> [DIRECTIONS FOR THIS TASK]: Find every line in the listing below that includes the word "Green", then give only how many there are.

┌──

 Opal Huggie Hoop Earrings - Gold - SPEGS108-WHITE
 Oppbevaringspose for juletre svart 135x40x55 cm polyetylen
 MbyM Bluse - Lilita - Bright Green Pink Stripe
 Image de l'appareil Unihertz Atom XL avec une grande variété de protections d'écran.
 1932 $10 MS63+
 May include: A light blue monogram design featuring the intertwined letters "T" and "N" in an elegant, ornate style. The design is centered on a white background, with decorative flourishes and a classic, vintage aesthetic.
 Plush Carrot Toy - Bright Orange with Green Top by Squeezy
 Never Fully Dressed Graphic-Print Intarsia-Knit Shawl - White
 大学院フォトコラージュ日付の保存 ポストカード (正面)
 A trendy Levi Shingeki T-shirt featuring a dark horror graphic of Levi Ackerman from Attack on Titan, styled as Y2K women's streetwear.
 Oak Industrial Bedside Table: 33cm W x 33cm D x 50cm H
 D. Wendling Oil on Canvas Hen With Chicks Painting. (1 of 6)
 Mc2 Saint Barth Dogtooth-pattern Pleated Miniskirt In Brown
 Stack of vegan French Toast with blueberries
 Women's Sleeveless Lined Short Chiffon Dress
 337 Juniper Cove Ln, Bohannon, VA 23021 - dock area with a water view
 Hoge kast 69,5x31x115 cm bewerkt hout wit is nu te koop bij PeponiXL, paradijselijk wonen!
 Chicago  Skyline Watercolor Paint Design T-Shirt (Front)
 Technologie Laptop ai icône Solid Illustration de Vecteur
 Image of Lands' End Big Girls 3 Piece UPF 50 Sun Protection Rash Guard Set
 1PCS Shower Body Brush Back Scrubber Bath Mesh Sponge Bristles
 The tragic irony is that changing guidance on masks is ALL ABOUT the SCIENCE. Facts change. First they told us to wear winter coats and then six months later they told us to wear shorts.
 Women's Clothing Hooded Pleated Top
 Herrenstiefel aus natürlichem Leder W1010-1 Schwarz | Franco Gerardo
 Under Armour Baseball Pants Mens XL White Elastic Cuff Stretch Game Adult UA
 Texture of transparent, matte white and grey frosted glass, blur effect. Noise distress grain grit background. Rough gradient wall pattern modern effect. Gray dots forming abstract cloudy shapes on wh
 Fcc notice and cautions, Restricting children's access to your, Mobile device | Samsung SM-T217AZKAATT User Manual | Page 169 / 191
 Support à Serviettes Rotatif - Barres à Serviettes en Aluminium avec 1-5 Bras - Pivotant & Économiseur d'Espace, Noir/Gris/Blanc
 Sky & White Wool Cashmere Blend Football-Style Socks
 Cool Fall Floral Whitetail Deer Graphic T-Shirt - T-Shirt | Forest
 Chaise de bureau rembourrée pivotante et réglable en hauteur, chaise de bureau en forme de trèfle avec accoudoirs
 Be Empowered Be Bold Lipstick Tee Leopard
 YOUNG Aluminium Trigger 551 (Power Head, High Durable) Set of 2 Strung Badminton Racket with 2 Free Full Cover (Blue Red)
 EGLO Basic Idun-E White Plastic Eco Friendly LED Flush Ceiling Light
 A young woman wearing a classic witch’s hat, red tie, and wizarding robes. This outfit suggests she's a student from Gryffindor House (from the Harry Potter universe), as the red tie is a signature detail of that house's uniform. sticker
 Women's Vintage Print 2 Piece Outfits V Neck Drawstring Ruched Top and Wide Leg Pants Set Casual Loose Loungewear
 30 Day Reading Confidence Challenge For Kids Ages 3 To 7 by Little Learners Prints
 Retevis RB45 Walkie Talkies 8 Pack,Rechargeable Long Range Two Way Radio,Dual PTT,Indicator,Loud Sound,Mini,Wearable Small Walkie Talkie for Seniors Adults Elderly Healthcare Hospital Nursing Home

└──

> [RESPONSE BELOW]: 2